R M S E = \sqrt{\frac{1}{N} \sum_{k = 1}^{N} {(y_{k} - {\hat{y}}_{k})}^{2}}

(14)

M A P E = \frac{1}{N} \sum_{k = 1}^{N} |\frac{{\hat{y}}_{k} - y_{k}}{y_{k}}| \times 100 %

(15)

R^{2} = 1 - \frac{\sum_{k = 1}^{N} {(y_{k} - {\hat{y}}_{k})}^{2}}{\sum_{k = 1}^{N} {(y_{k} - \overline{y})}^{2}}

(16)

where

y_{k}

represents the monitoring value of the

k

th sample,

{\hat{y}}_{k}

represents the predicted value of the

k

th sample,

\overline{y}

represents the average of the monitoring values of all samples, and N denotes the total number of samples.

3. Experimental Results and Discussion

3.1. Overall Evaluation Results

The deep learning models developed and used in this study were constructed based on Windows 10 operating system through the Google Colab platform using the PyTorch framework with NVIDIA T4 GPUs in order to accelerate the computational process, aiming to improve the efficiency and performance of model.

According to the real values on the sites and the predicted values of the seven models, the average MAE, RMSE, and MAPE of the 36 monitoring sites were calculated, and the results are shown in Table 4. These data are visualized through bar charts and line charts, as shown in Figure 3.

It can be seen from Table 4 and Figure 3 that the ensemble prediction model proposed in this study is better than LSTM–GCN, LSTM, GCN, Transformer–GraphSAGE, Transformer, and GraphSAGE models in terms of evaluation results.
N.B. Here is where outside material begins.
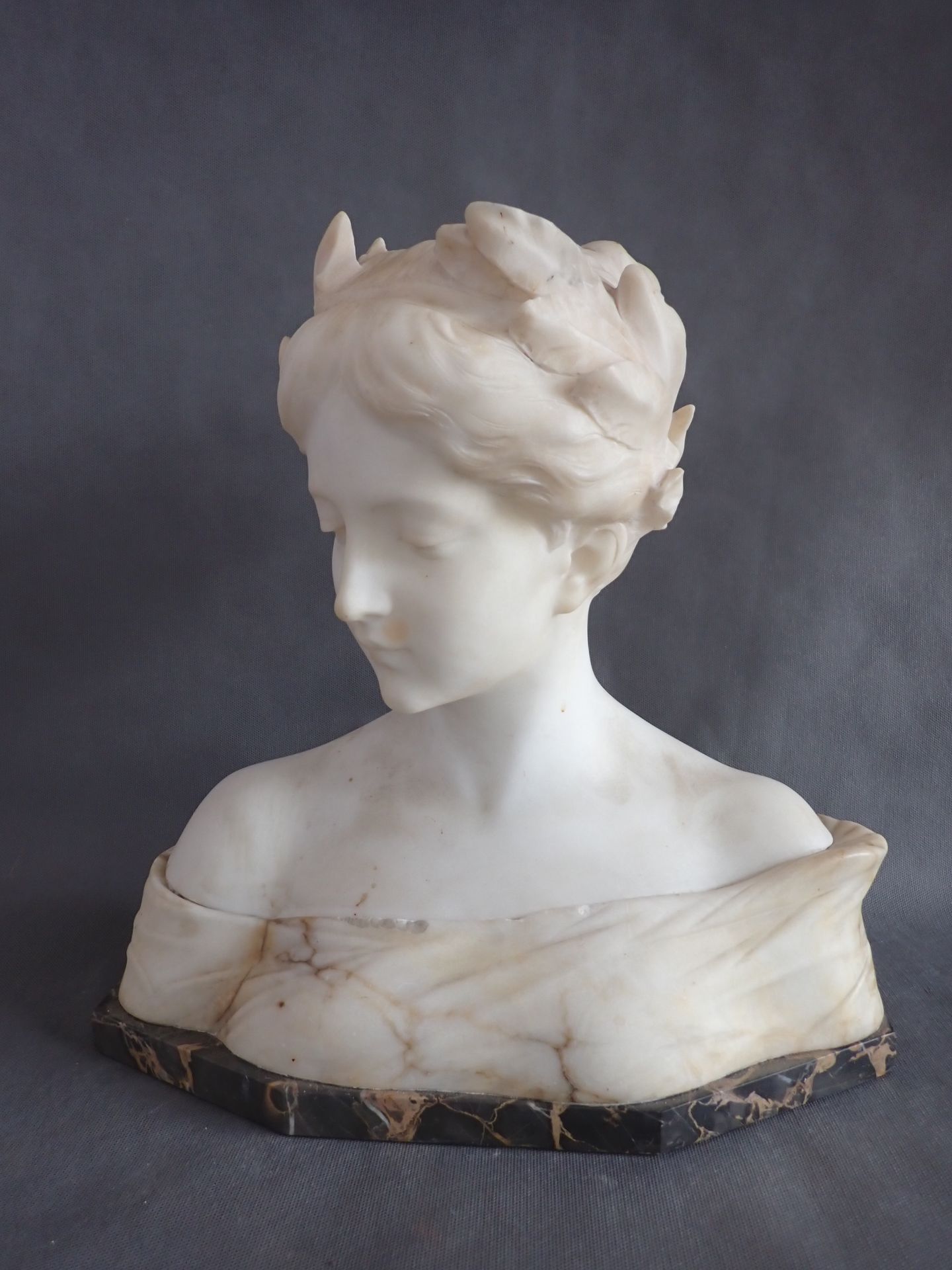 Null Busto de señora en alabastro, base de mármol, 38 x 34 cm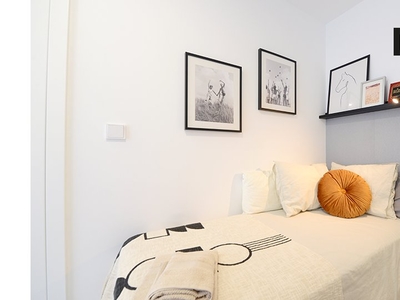 Se alquila habitación en piso de 4 dormitorios en Basurto, Bilbao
Among the four single models, the LSTM model has the smallest MAE and MAPE values, and its RMSE value is smaller than Transformer and GraphSAGE and slightly higher than GCN in the four single models. Among the four single models, LSTM showed the best prediction performance, which may be due to the specific features and patterns of the dataset that are more suitable for LSTM. Compared with GCN, the MAE, RMSE, and MAPE of LSTM–GCN are reduced by 3.2%, 3.8%and 3.6%, respectively. Compared with LSTM, LSTM–GCN only has advantages in MAE and RMSE, which are reduced by 1.2% and 5.1% respectively. Transformer–GraphSAGE is different from LSTM–GCN, its MAE, RMSE, and MAPE are 2.514, 4.055, 2.562, respectively. It is significantly lower than Transformer (3.389, 5.292, 3.484) and GraphSAGE (3.280, 4.971, 3.372). From the above data, it can be seen that the combined model has certain advantages over the single model, and this advantage will be different in different models, which may be related to the characteristics of the model itself and the characteristics of the data. Comparing the two combination models, Transformer–GraphSAGE’s MAE, RMSE, and MAPE are comprehensively ahead of LSTM–GCN, which are reduced by 17.5%, 12.9%, and 17.8%, respectively. This shows that Transformer–GraphSAGE can better use the features and patterns of the data. Compared with LSTM–GCN, Ensemble Forecast has these three indicators decreased by 22%, 15.4%, and 21%, respectively, and has decreased by 5.6%, 2.8%, and 3.8%, respectively, compared with Transformer–GraphSAGE. From the above information, it can be seen that Ensemble Forecast, which combines the MOEA/D algorithm to assign weights, is able to use the advantages of LSTM–GCN and Transformer–GraphSAGE to make better predictions.

3.2. Analysis of Predicted and Observed Values

Site No. 11 was randomly selected as the research object. In order to better demonstrate the forecasting effect of the model in the time dimension, the observed values for one week in February, which was more seriously polluted, and the forecast values of all models were extracted, and the curves were drawn as shown in Figure 4.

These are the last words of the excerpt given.